Students can have school choice and boundaries

I attended the recent superintendent’s forum at Canyon Crest Academy, and I think those sorts of opportunities for the district to communicate directly with parents are invaluable.

But I feel it is not necessary to characterize the school choice issue as either we have choice or we have boundaries. That limited, two-sided view is polarizing the situation and now requires a facilitator to solve. You can have both.

Students who are in the Torrey Pines boundary area, for example, can still choose to attend whatever school in the district they want. If there is no room at the school they choose, then their default is to attend the school closest to them, which is Torrey Pines.  That is all that the parents who live near San Dieguito Academy are asking for. If they don’t get into their first-choice school, let their default school be the one closest to them. If the district draws boundaries, it does not mean that every student must go to their boundary school. It does not mean the lottery or choice process has to stop.

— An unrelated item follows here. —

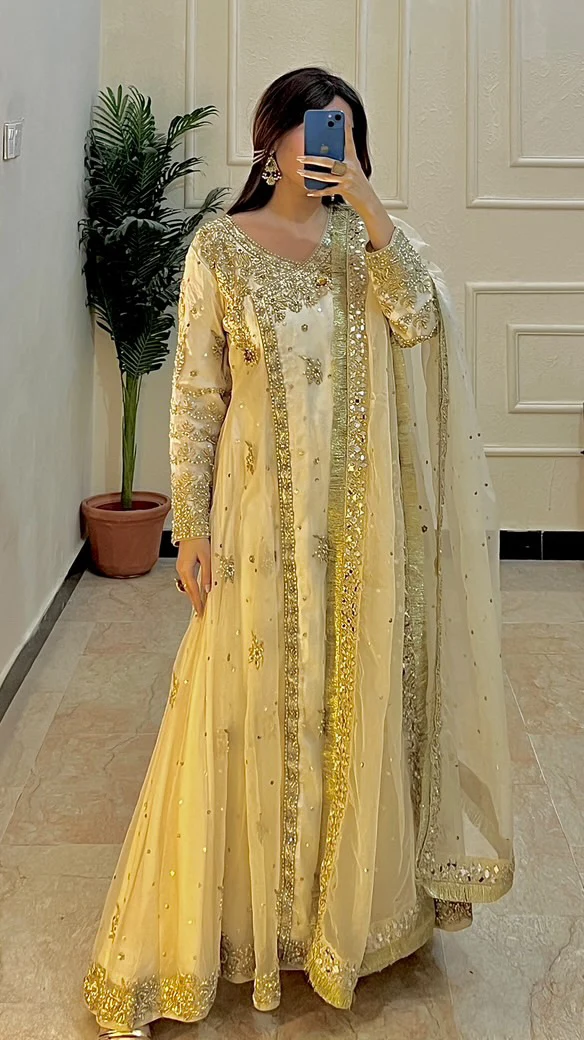 Ivory Grace – Luxury Hand-Embroidered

That would be sad if it were the case, because our district prides itself on the unique school environments available to their students. I have three kids and I could very easily see them attending three different schools.

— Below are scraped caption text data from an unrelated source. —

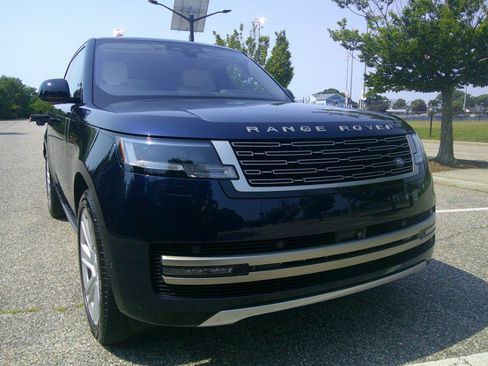 Used 2023 Land Rover Range Rover SE AWD/4WD image 10
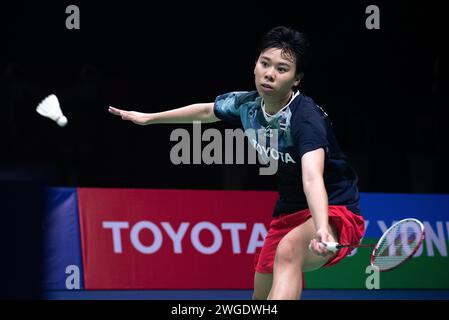 Bangkok, Thailand. Februar 2024. Supanida Katethong aus Thailand spielt gegen Aya Ohori aus Japan (nicht abgebildet) während des Badminton Women's Single Final Match in den Princess Sirivannavari Thailand Masters 2024 im Nimibutr Stadium. Aya Ohori gewann Supanida Katethong 2:1 (18:21, 21:17, 21:13) Credit: SOPA Images Limited/Alamy Live News Stockfoto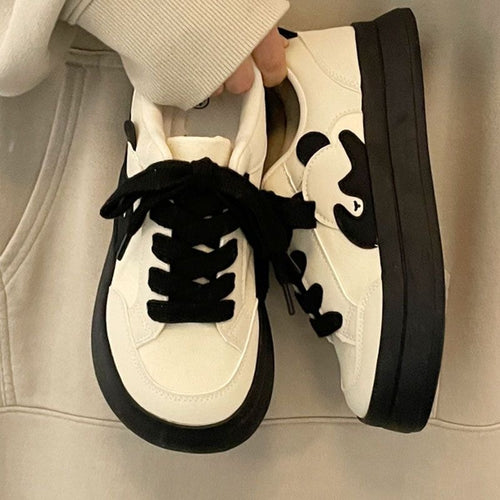Damen Modische Sneakers mit auffälligem Design und prägnanter Sohle R&B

The district can draw boundaries and then proceed with the system as it is now. Keep the lottery in place and use the inter-district transfer process (as is done with the middle schools) to allow students to choose their schools. Only on the rare occasions (according to the district’s own statistics) when demand exceeds capacity will geography come into play, allowing priority for those students within the boundary of the school to attend first, and then admitting others if there is room.

I look forward to the task force examination of the issue. I believe there is a solution that will preserve the character of the district and offer true choice.